Required action. The line with "Kitchen in 3" marks the first line to copy, and the line with "Aksaray Barosu’ndan yeni" marks the last. Transcribe that stretch of the data below exactly, without pictures.

Records for this task.
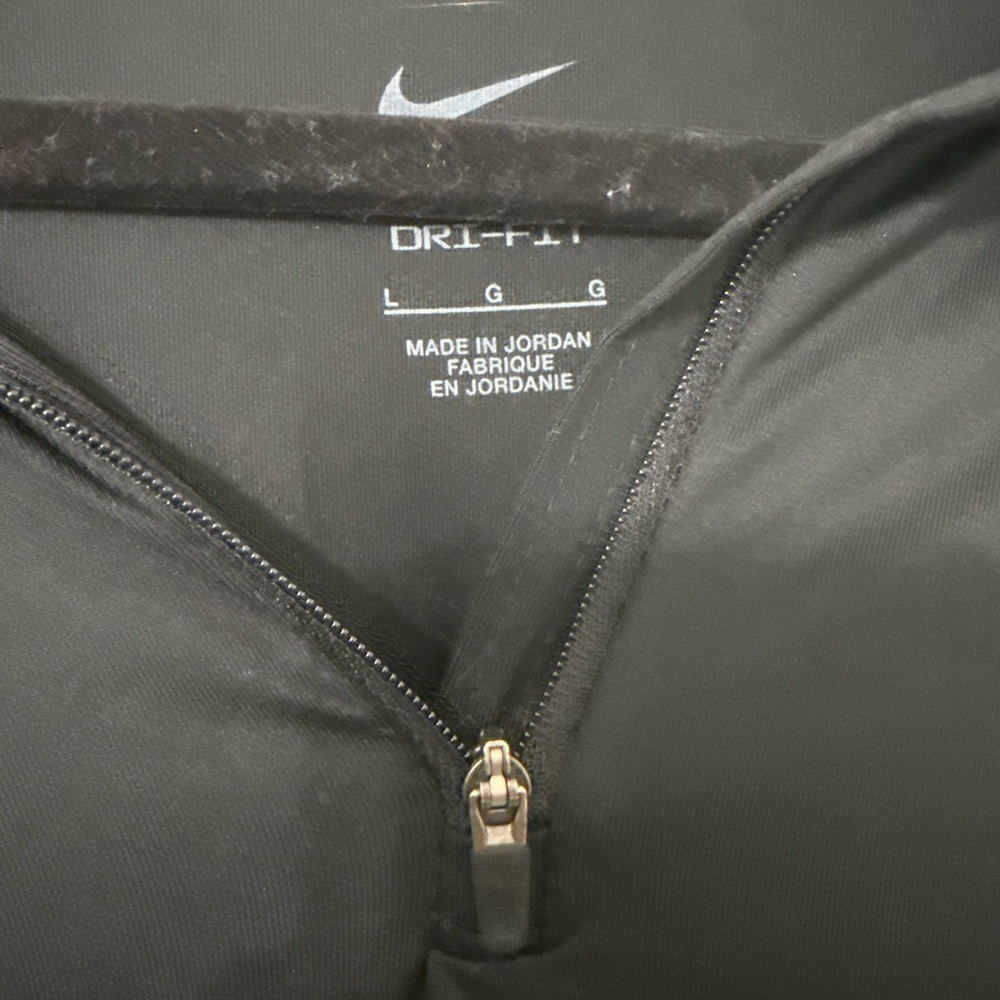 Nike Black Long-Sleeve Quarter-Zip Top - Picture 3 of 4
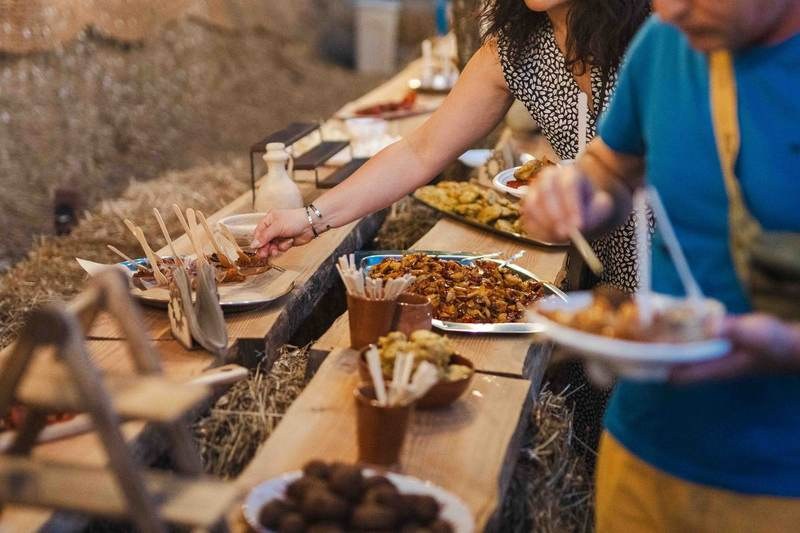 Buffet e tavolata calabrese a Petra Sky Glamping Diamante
--
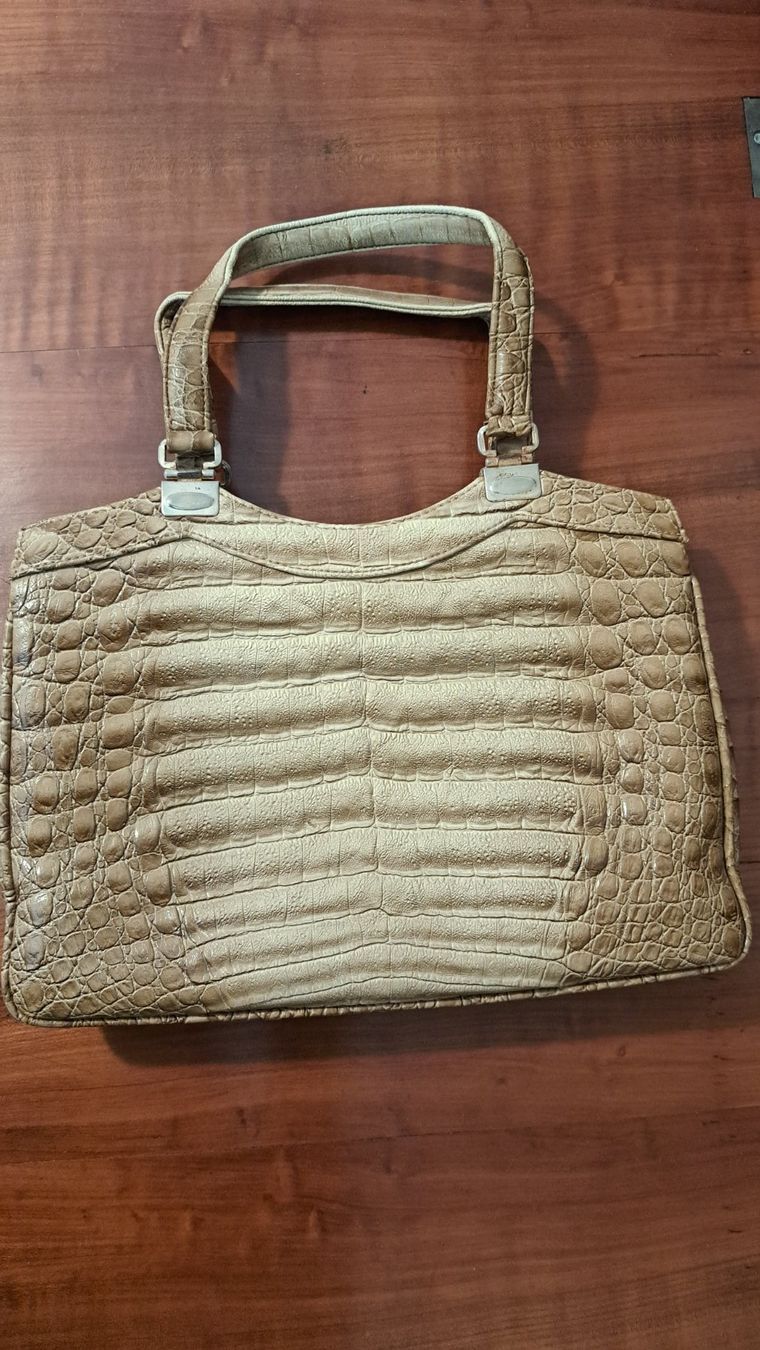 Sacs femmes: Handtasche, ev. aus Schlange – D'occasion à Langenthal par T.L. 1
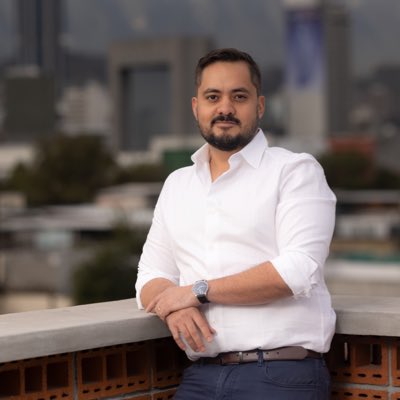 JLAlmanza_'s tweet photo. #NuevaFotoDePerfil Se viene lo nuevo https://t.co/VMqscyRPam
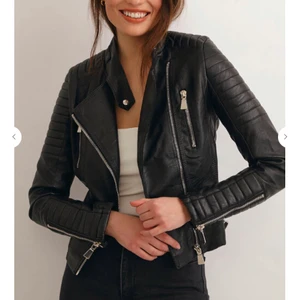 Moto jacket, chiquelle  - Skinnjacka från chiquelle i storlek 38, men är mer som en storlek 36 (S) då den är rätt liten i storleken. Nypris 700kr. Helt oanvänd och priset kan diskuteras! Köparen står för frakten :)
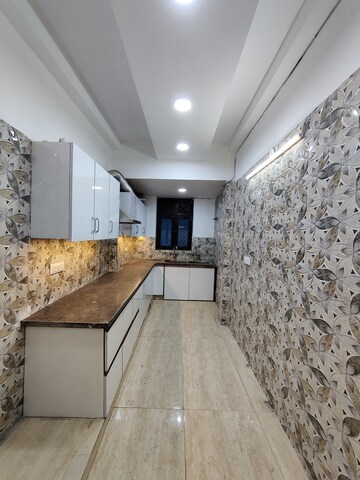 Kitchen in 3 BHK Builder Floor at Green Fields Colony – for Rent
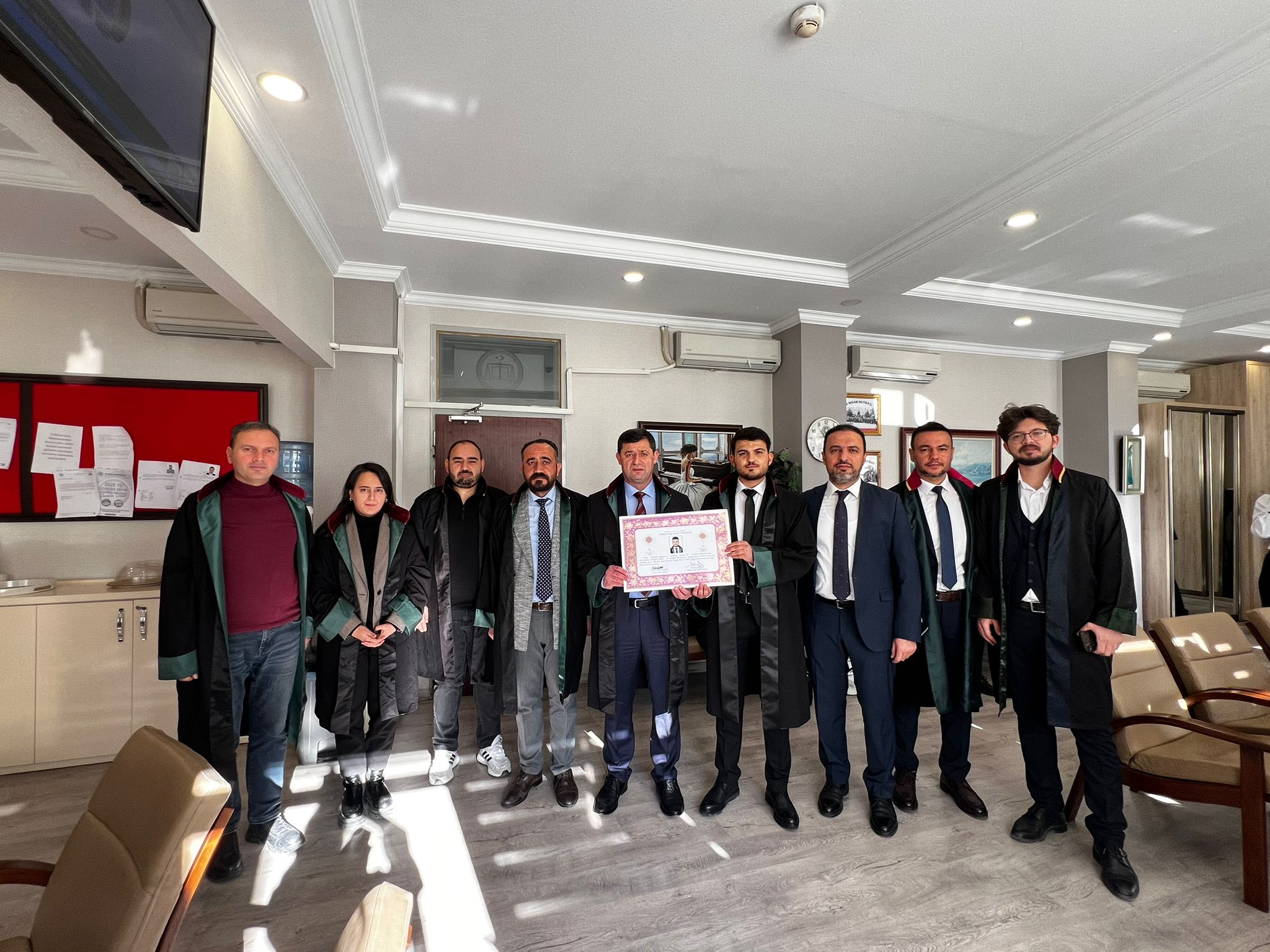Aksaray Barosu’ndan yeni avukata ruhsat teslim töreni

Expected output.
 Kitchen in 3 BHK Builder Floor at Green Fields Colony – for Rent
Aksaray Barosu’ndan yeni avukata ruhsat teslim töreni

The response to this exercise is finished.